Ten years ago, Property Assessed Clean Energy (PACE) programs were seen as the great hope to enable the growth of distributed solar and energy efficiency through low-cost financing for home and business owners. And while such programs were largely shut down due to actions by the Federal Housing Finance Agency in 2010, PACE has lived on in both the commercial sector and in a few states. This has been led by California, where state government has been undaunted by federal interference.
On Wednesday the HERO program marked another victory in California, with expansion into a further 26 cities including Fremont, Redding and San Luis Obispo, as well as two unincorporated areas in counties in the northern part of the state. This will allow up to 240,000 additional homeowners to take advantage of the program, which like other PACE programs allows access to low-cost financing with their home as collateral.

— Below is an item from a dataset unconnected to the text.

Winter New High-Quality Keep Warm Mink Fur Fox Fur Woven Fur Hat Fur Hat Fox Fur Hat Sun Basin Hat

This last part can be an important distinction for homeowners with poor credit and/or limited cash, as solar and efficiency improvements can be financed based on the value of the home, not an individual homeowner’s credit rating, and with no up-front cash payment. As such this not only allows many homeowners to access lower interest rates, but expands the number of homeowners who can go solar at all.
According to Renovate America, which runs the HERO program, with the expansion 88% of California households now have access to the program. To date, HERO has supplied $2.1 billion in financing for energy efficiency, water conservation and solar to 88,000 California households.
To date the program has supported 23,000 residential PV arrays, with a combined capacity of 137 MW. Renovate America estimates that 1/3 of HERO financing goes towards residential solar.
Until earlier this week HERO was only available to residential customers, however in partnership with Greenworks Lending Renovate America has begun offering commercial PACE in Missouri, and expects to expand this program to California and Florida later this year.